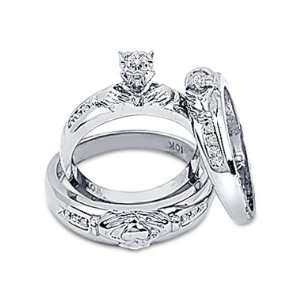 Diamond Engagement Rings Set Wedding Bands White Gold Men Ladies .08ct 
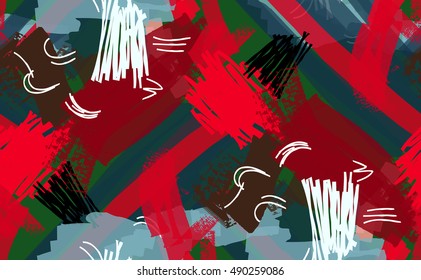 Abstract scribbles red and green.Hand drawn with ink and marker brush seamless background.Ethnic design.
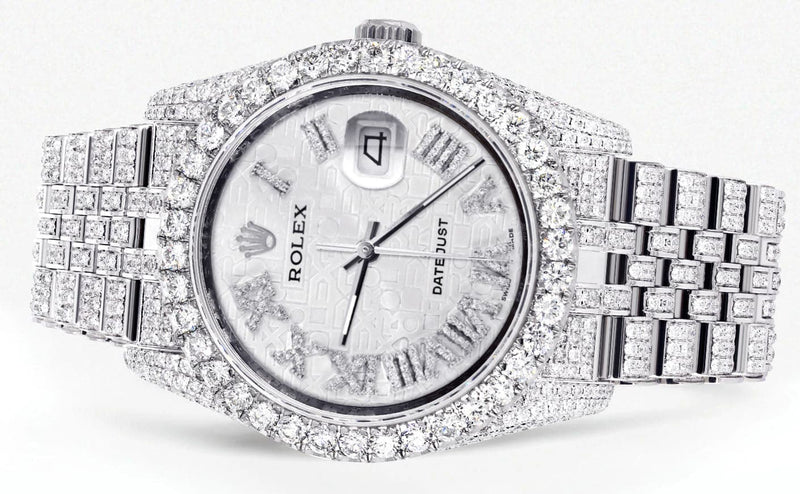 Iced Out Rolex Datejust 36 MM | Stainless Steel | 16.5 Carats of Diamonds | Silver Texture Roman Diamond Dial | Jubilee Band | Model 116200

■ **WHAT TO PRODUCE**
Print the listing again exactly, please. Keep the pictures out of it.

■ **RESPONSE TO THIS EXERCISE**
 Diamond Engagement Rings Set Wedding Bands White Gold Men Ladies .08ct 
 Abstract scribbles red and green.Hand drawn with ink and marker brush seamless background.Ethnic design.
 Iced Out Rolex Datejust 36 MM | Stainless Steel | 16.5 Carats of Diamonds | Silver Texture Roman Diamond Dial | Jubilee Band | Model 116200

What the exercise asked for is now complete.